* **Task objective**: Only the number is wanted: how many lines below include "from"?

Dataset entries
• • • • •

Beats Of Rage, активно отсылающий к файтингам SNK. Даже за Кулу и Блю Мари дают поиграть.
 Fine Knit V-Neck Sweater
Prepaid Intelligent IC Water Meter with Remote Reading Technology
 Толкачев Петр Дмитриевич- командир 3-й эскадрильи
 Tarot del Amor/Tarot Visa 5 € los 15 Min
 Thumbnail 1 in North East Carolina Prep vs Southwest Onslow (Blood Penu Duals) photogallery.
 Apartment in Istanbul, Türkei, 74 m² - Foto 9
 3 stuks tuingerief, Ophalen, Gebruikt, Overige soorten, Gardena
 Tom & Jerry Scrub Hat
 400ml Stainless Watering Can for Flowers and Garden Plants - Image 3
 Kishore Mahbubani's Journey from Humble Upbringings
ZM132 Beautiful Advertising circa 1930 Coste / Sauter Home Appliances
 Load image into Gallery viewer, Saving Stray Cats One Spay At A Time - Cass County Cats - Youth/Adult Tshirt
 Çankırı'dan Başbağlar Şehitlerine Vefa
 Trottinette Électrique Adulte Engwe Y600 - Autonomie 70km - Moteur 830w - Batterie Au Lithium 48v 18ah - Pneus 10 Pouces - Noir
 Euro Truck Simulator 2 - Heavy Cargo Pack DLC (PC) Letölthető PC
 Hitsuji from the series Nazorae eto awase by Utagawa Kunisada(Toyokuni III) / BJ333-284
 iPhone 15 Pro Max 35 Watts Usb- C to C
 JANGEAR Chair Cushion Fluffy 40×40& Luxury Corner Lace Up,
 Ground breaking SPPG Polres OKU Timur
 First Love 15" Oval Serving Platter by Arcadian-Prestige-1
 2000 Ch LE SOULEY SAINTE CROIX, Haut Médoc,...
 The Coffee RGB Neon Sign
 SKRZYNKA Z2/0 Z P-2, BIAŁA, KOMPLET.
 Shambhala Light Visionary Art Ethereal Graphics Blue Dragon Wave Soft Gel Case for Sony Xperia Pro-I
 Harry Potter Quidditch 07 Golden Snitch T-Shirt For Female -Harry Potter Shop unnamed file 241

• • • • •

* **Response**: 2